UBER TECHNOLOGIES, INC. and
LYFT INC.,
Civil Action No. SA-14-CA-502-XR
Defendants.
ORDER
On this date, the Court considered the Motion to Dismiss Plaintiff’s Complaint (docket no.
6) filed by Uber Technologies, Inc. and the Corrected Motion to Dismiss Complaint (docket no. 10)
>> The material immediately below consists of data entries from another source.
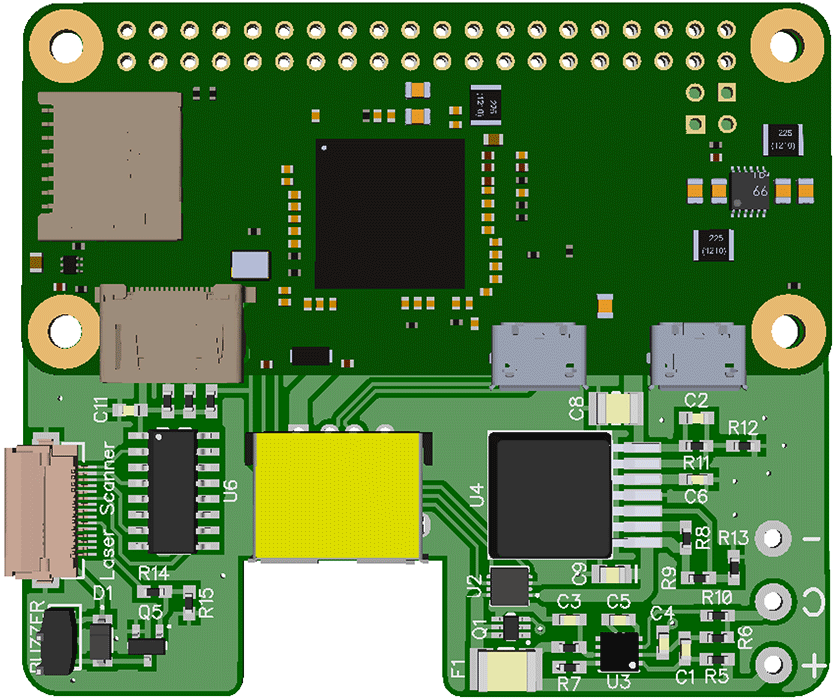 Raspberry Pi Zero Barcode Scanner project pcb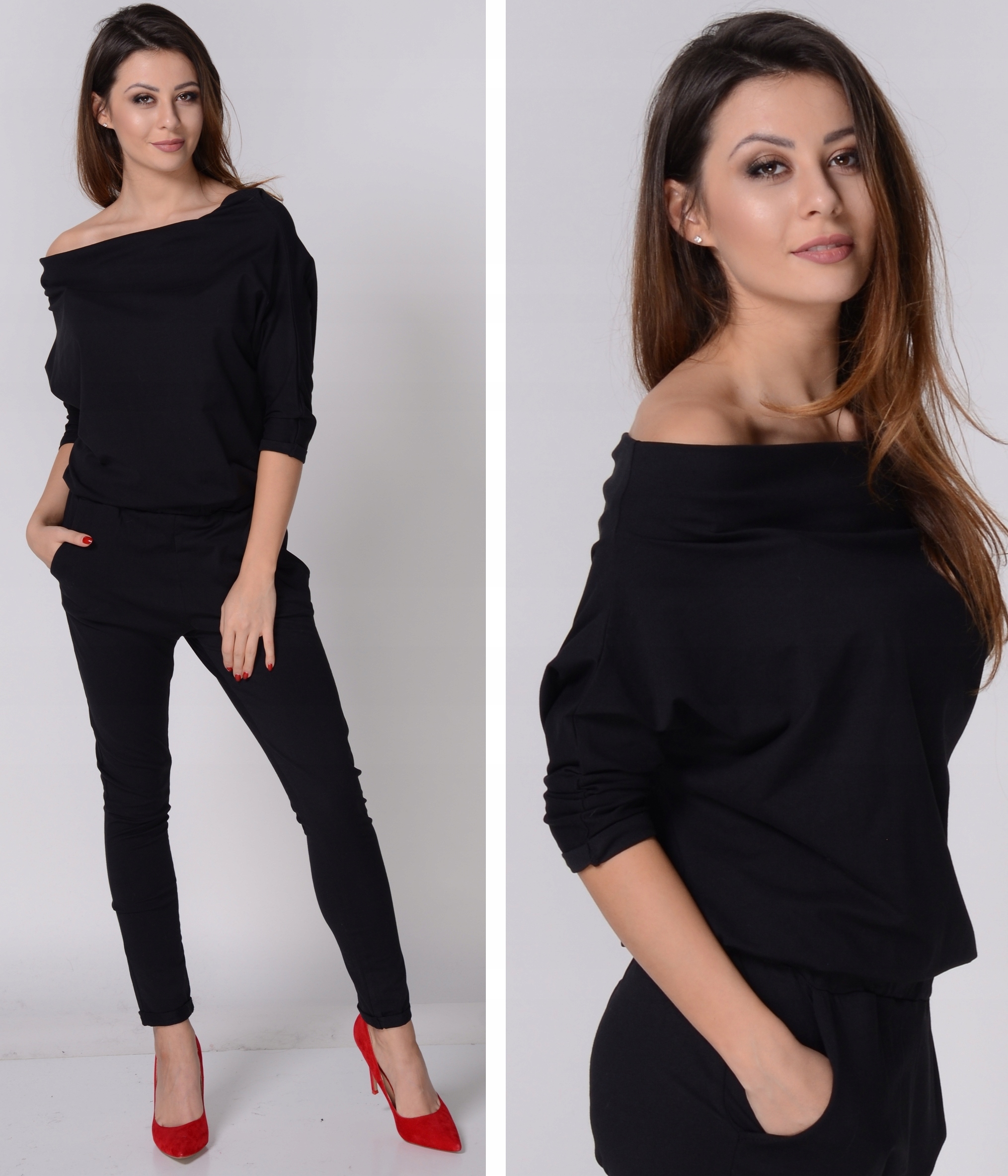 Komfortowy kobiecy kombinezon Czarny M/38 Zapięcie brak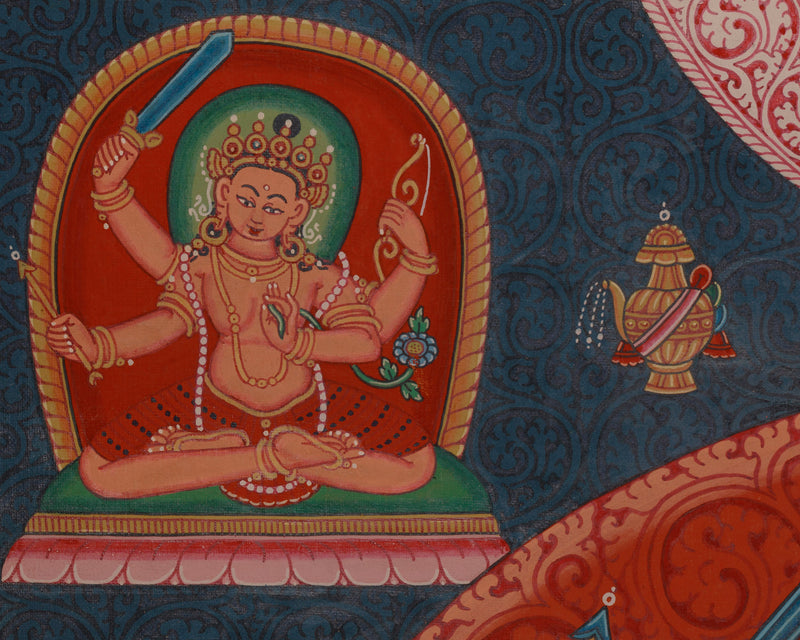 Four Head Ganesha Thangka | Hand-Painted Chaturmukha Ganesha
filed by Lyft Inc. Defendants challenge whether Plaintiffs had standing to file their claims under
Title III of the Americans with Disabilities Act at the time of filing the Original Complaint and
whether their complaint states a claim for relief.
I. Background
According to the Complaint, Plaintiffs Posadas, Ramos, and Williams are mobility-impaired
individuals who use wheelchairs and require wheelchair accessible vehicles for their transportation
needs or other accommodating services such as assistance with storing their wheelchairs. Docket
no. 1 at ¶¶ 2, 7-9, 16. Plaintiffs allege that Uber and Lyft operate “vehicles for hire” in San Antonio
as defined under CSACO Section 330003. Id. ¶ 12, 13. Plaintiffs allege that Uber and Lyft “both
engage in a demand responsive system as defined by 42 U.S.C. § 12181.1 Id. at ¶ 14. Plaintiffs
allege that Uber and Lyft “have entered the vehicle-for-hire market in both Houston and San
Antonio. Uber and Lyft customers use a smartphone app to locate, schedule, and pay for their travel.
1
The term “demand responsive system” means any system of providing transportation of
individuals by a vehicle, other than a system which is a fixed route system. 42 U.S.C. § 12181(3).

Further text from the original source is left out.